Primary Key Strategies

In many small projects, we often use the database’s auto-increment feature to generate primary key IDs, which is indeed simple. However, in a sharded database environment, we can no longer rely on the database’s auto-increment feature to generate IDs directly, as it would cause primary key duplication across different data tables.

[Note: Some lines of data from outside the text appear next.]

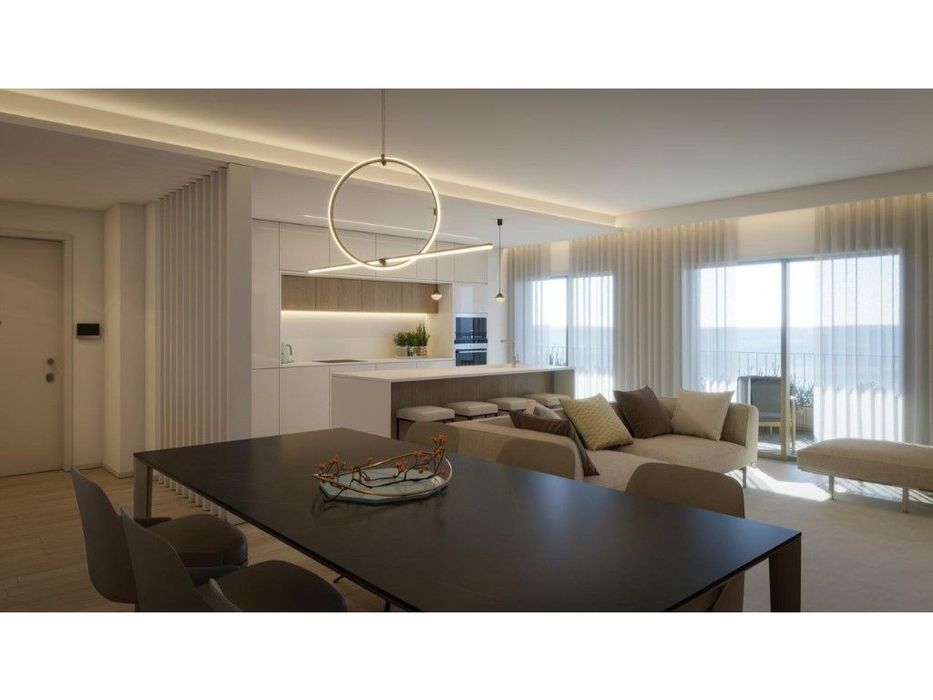Vende-se T2 novo localizado em Brufe, vila nova de Famalicão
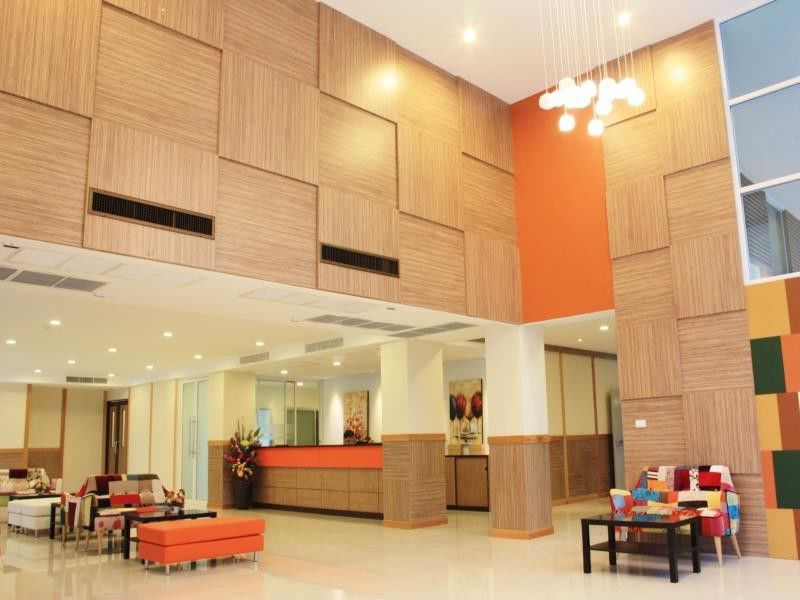 Hotell Prom Ratchada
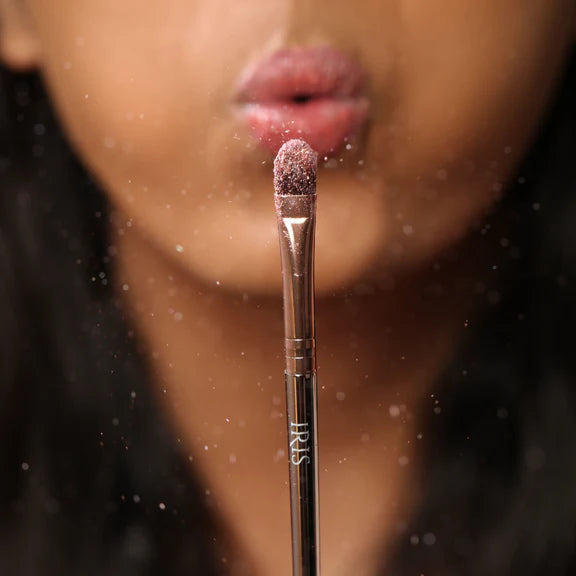 IRIS COSMETICS Luminous Eye Brush Set - 5 pcs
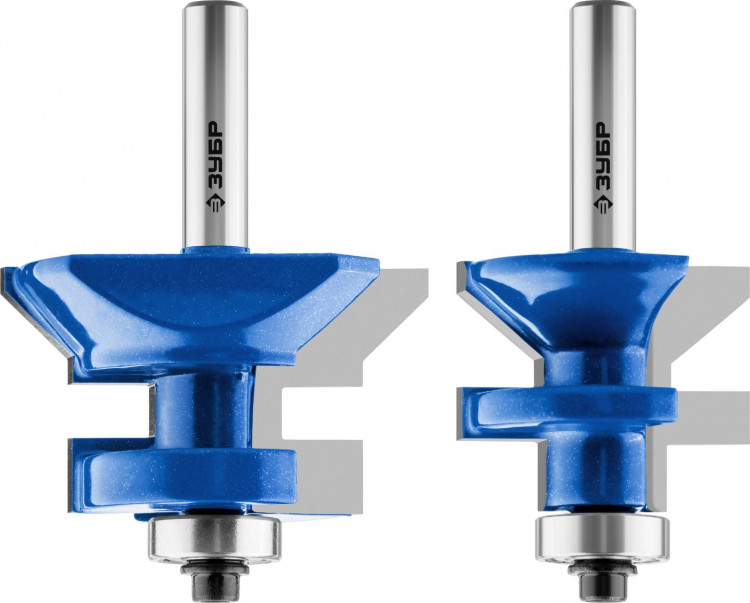 Набор фрез для вагонки ЗУБР 28770-50-H2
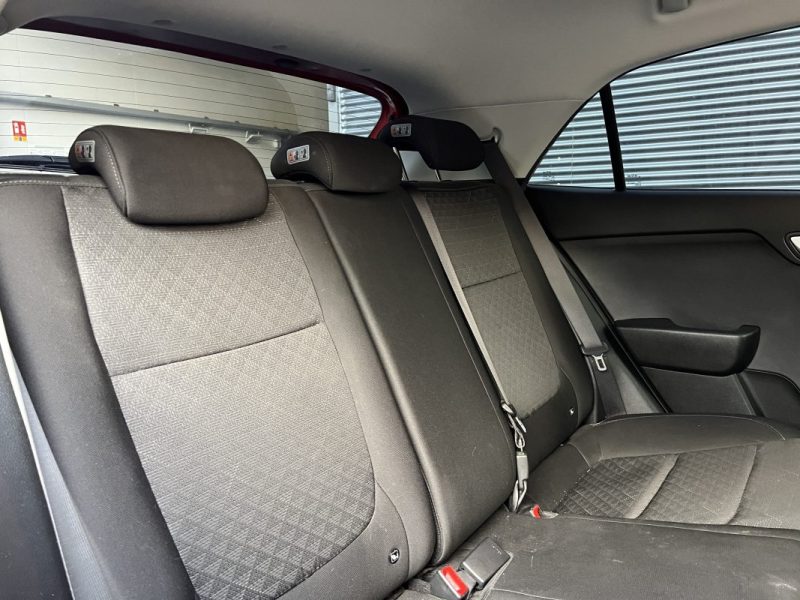 KIA RIO 1.0 T-GDI 100CH ISG ACTIVE 2018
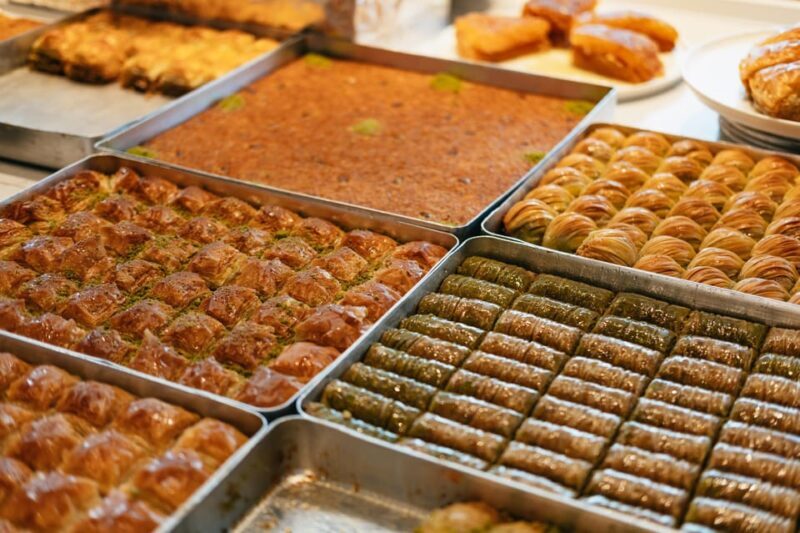 Istanbul: European and Asian Side Guided Foodie Walking Tour - Final Thoughts
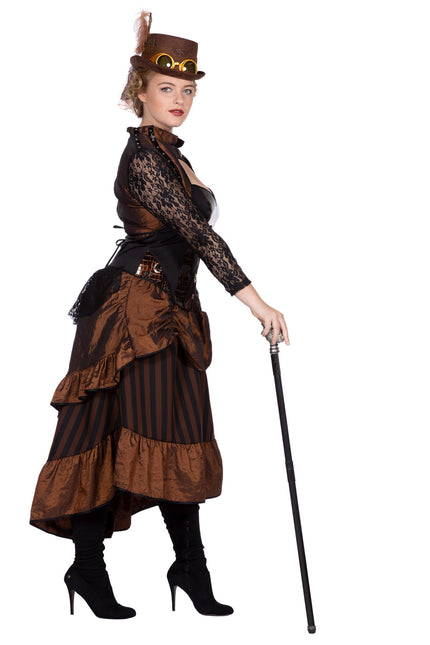 Vestido Steampunk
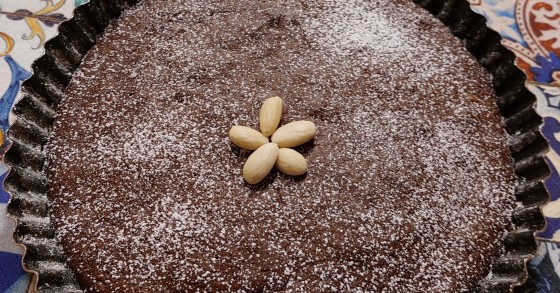 desserts au chocolat italiens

UUID (Universally Unique Identifier)

Basic Concepts

UUID is a 128-bit (16-byte) numeric identifier used to uniquely identify information in distributed systems. Its standard format consists of 32 hexadecimal digits, separated by hyphens into 5 groups in the form 8-4-4-4-12, with a total length of 36 characters (e.g., 550e8400-e29b-41d4-a716-446655440000).

Generation Mechanism

UUID generation typically combines multiple system information to ensure uniqueness:

  1. Network hardware information (e.g., MAC address)
  2. High-precision timestamp (nanosecond level)
  3. Hardware chip ID
  4. Random number generator
  5. Namespace (in specific versions)

Common versions include:

  • Version 1: Based on timestamp and MAC address
  • Version 4: Based on random number generation
  • Version 5: Based on namespace and hash value

Database Application Characteristics

Advantages

  1. Distributed generation: No central server coordination needed, each node can generate independently
  2. Uniqueness guarantee: Extremely low probability of duplication in theory (about 1 in 10^38)
  3. No network overhead: Local generation without network requests
  4. Security: Does not expose business information (compared to auto-increment ID)

Disadvantages

  1. Storage overhead: Occupies 16 bytes, twice that of BIGINT
  2. Index efficiency: In InnoDB engine, due to:
    • Unordered nature causes frequent B+ tree split and reorganization
    • Secondary indexes need to store complete primary key values
    • Increases memory usage and IO operations
  3. Poor readability: Difficult for humans to intuitively remember and identify

Special Impact on InnoDB Engine

  1. Clustered index issues: InnoDB uses primary key as clustered index; UUID unordered insertion causes:
    • Increased page split frequency
    • Data storage fragmentation
    • Decreased cache hit rate
  2. Secondary index bloat: Each secondary index contains the primary key value; 16-byte UUID causes:
    • Increased index file size
    • Fewer indexes cached in memory buffer pool
    • Need to load more data pages during range queries

Optimization Solutions

For scenarios requiring UUID:

  1. Use ordered UUID variants (e.g., COMB UUID)
  2. Store UUID as binary(16)
  3. Establish auto-increment ID as clustered index, use UUID as business key
  4. Consider short hash versions of UUID (need to evaluate collision probability)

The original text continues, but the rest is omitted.